Manuel Fraga Iribarne died at age 89 at his home in Madrid. Fraga was a controversialpolitical veteran who epitomizes the ambiguities of post-transition Spain. He started his political career in the early 1950s under Franco before serving as Minister of Information and Tourism and being appointed ambassador to London in 1973. After Franco died in 1975, he held various positions but never fulfilled his ambition to become Spain’s Prime Minister. However, he was one of the fathers of the Constitution and the founder of Alianza Popular, a conservative party that would be instrumental in integrating right-wing politicians to the democratic game. In the 1980s, Alianza Popular became Partido Popular, and Fraga appointed José María Aznar as his successor to lead the party. Manuel Fraga was also President of the Senate and the elected President of Galicia for 15 years in democracy.
The reaction of Spanish political parties and media was unanimous: they all celebrated the founding father of the Constitution, a major statesman of this century who helped to put Spain on the path to democracy. Spanish President Mariano Rajoy, of Partido Popular, claimed that ‘[Manuel Fraga] characterised the path of the nation as it turned itself into a country of liberty.’ The Socialist Party also paid tribute to the politician whose role in the transition to democracy was crucial. Only a few discordant voices, mainly the Left-wing Izquierda Unida and Basque nationalists, reminded that Fraga was a member of Franco’s dictatorship and was involved in the repression, that his commitment to democracy was somewhat belated, and strategic and limited at best. In Barcelona, a few members of the Communist Party, Republicans and Catalan nationalists celebrated Fraga’s death.
The Spanish press, too, remembers Fraga as a key actor of the transition to democracy. His dictatorial past and authoritarian character is referred to mainly in articles recounting international reactions to his death. Some Spanish conservative newspapers do not even mention that Fraga was a minister under Franco, or herald him as a great democrat.

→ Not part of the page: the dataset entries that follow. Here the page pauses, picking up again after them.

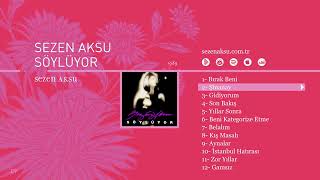 Sezen Aksu   Şinanay Official Audio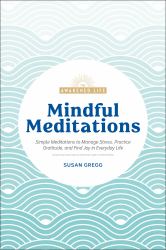 Mindful Meditations : Simple Meditations to Manage Stress, Practice Gratitude, and Find Joy in Everyda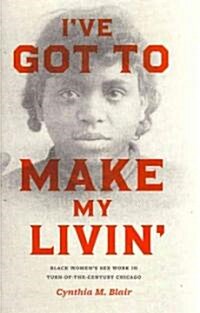 Ive Got to Make My Livin: Black Womens Sex Work in Turn-Of-The-Century Chicago (Hardcover)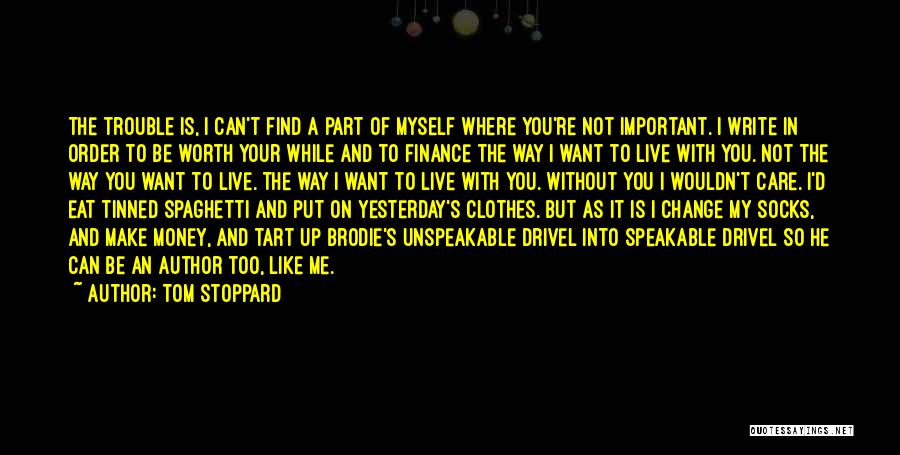 Want To Change Myself Quotes By Tom Stoppard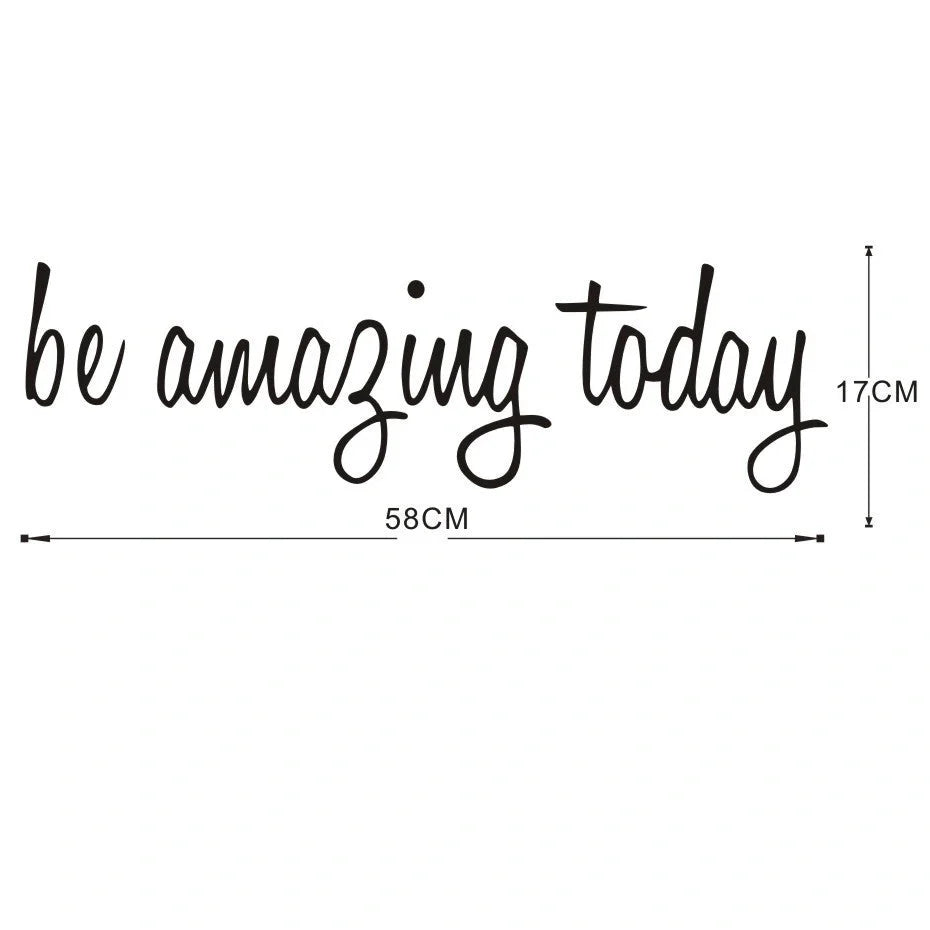 Be Amazing Today PVC Stickers for glass and wall decoration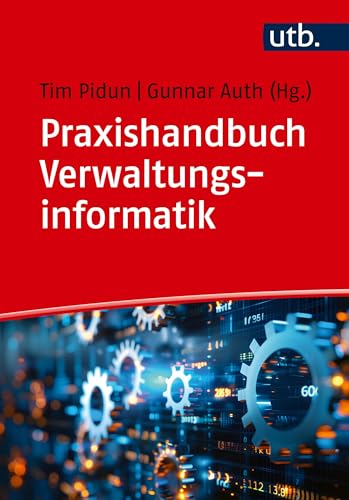 Praxishandbuch Verwaltungsinformatik von UTB GmbH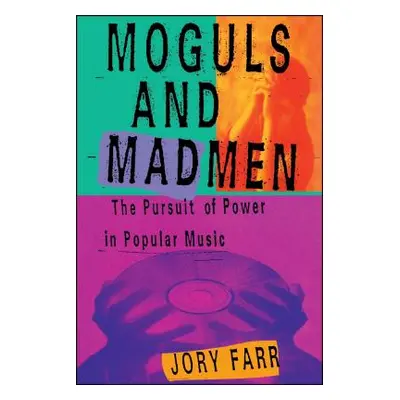 "Moguls and Madmen: The Pursuit of Power in Popular Music" - "" ("Farr Jory")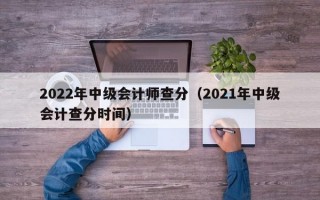 2022年中级会计师查分（2021年中级会计查分时间）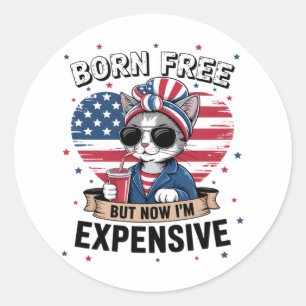 Born gratis, men nu är jag dyrbar Mamma Bun Cat Runt Klistermärke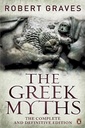 The Greek Myths : The Complete And Definitive Edition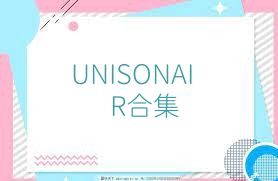 UNISONAIR合集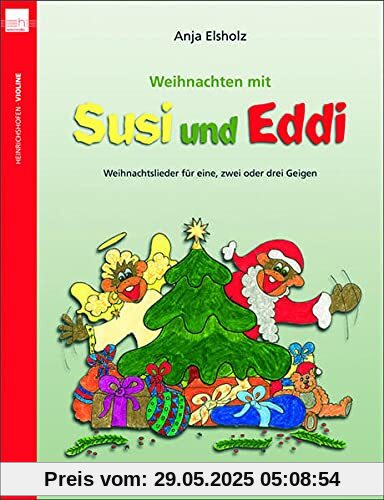 Susi und Eddi. Geigenschule für Kinder ab 5 Jahren. Für Einzel- und Gruppenunterricht / Weihnachten mit Susi und Eddi: Weihnachtslieder für eine, zwei oder drei Geigen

In fact, over the past decade, ‘revisionist’ history justifying Franco’s dictatorship has continued to grow. Hardly any media remind their readers that earlier this year an Argentine judge investigating Franco’s repression requested documents about Fraga’s role in the repression. Only a few articles and opinion pieces overtly question the partiality of tributes to Fraga, and they have already generated angry reactions.
This rather biased coverage is not surprising. The transition to democracy is regularly celebrated as the founding moment of Spanish democracy, and its actors are highly revered by the media and politicians, some of whom were themselves actors in this process. Because it is constantly repeated that it allowed the reconciliation of Spaniards and the instauration of democracy, those who criticise the transition and stress its institutional, political and cultural implications are more or less explicitly accused of threatening democracy. The reaction to Fraga’s death epitomises this (self-)censorship and (self-imposed) amnesia, but also the consequences of not dealing the past in Spain. It is often said that Spain’s violent past (the Civil War and the dictatorship) was forgotten in the name of reconciliation, and the Amnesty Law of 1977 was the institutional embodiment of this spirit that still prevents investigating the past. Yet it has been stressed that this kind of amnesia, has made it impossible to identify, and especially distinguish, perpetrators and victims, or even reversed these roles. The reactions to Fraga’s death are a perfect illustration: while he is presented as a great statesman and one of the co-founders of Spanish democracy, the demands of the victims of Franco’s repression and the movement to ‘recover historical memory’ are still not seen as legitimate in post-dictatorship Spain. Ironically, the consensual tribute to Fraga occurs after a commission recommended the exhumation of Franco’s remain from the controversial Valley of the Fallen, an exhumation which is unlikely to happen, and before Baltasar Garzón is judged for trying to investigate Franco’s repression (Garzón is being judged in three different cases that are likely to put an end to his career). If the temporal sequence of these events may be pure coincidence, what it reveals about the implications of (not) dealing with the past in the way Spain has, is not.